Ebu Ali Hasen bin İbrahim bin Ali el-Fârikî, Kürd ulemasından ve Şafi'î fukahasından olup, 10 Rebi'ulevvel 433 tarihinde Meyyafarkîn (Silvan)'de dünyaya gelmiştir. Tahsiline Meyyafarkîn'de Ebu Abdullah Muhammed el-Kazerûnî'nin yanında başlar. Hocasının vefatının ardından Bağdat'a gidip orada tahsiline devam eder. Ebu Nasr İbn es-Sebbağ'da okur. Sonra Ebu Ca'fer Muhammed bin Ahmed, Abdullah bin Muhammed es-Sarifînî, Ebu'l-Huseyn İbn en-Nakûr vesair ulemadan tedris eder. Hadis ve fıkıh ilminde mütebahhir hâle gelir. Sonradan Vâsıt şehrine giderek orada müderris olur. Bu şehirde aynı zamanda Kadı da olur. Uzun zaman bu vazifede kalır. Yaşı ilerleyince bu vazifeden ayrılarak yaşlanmış olduğu hâlde güçlü hafıza ve zekâsıyla vefat edinceye kadar fıkıh ve hadis ilimleri okutmaya devam eder. 22 Muharrem 528 tarihinde Vâsıt şehrindeki medresesinde, yüz yaşına yaklaşmış vaziyette vefat eder. Fıkhi konularda telif ettiği eserleriyle tanınmıştır.

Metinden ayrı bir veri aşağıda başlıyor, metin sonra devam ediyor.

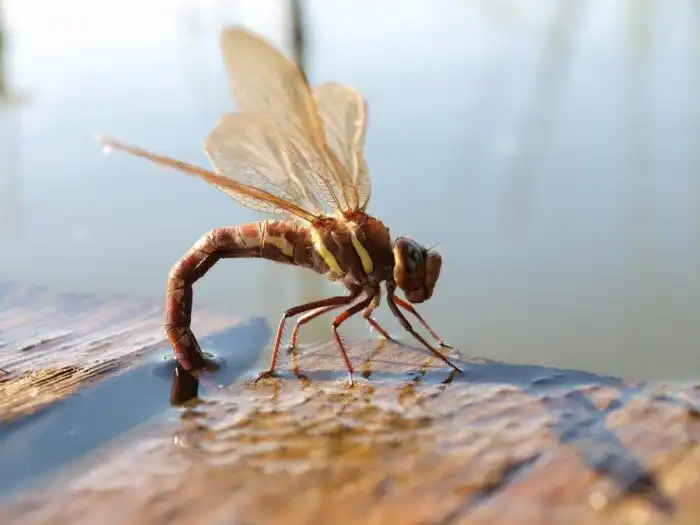 Большое коромысло: Рождение русских стрекоз — сцена, которая выворачивает наизнанку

Aşk’la başladık aşkla bitirelim; Ahmed-e Hani’nin meşhur eseri Mem-u Zin’den bir dörtlük: 


MEM BI DÎCLE'RA DI BEYÎVE / MEM'IN DİCLE'YE SESLENİŞİ
'Ey Şıbhetê eşkê min rewane! / 'Ey benim gözyaşlarım gibi dökülen nehir!

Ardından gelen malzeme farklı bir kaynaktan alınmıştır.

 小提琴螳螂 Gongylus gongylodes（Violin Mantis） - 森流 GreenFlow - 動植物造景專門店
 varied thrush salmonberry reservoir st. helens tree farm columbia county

Be Sebr û Sıkünî aşiqane / Ey âşıklar gibi sabırsız ve sükûnetsiz nehir!
Bê Sebr û Qerar û bê Sıkûnî / Sabırsız, karasız ve sükûnetsizsin, 
Yan Şıbhetê min tu ji cinûnî? / Yoksa benim gibi sen de deli misin?
Qet nine jibo tera qerarek / Senin için hiçbir karar kılmak yok, 
Xalıb di dilê tedaye yarek.' / Galiba senin gönlünde de bir yar var.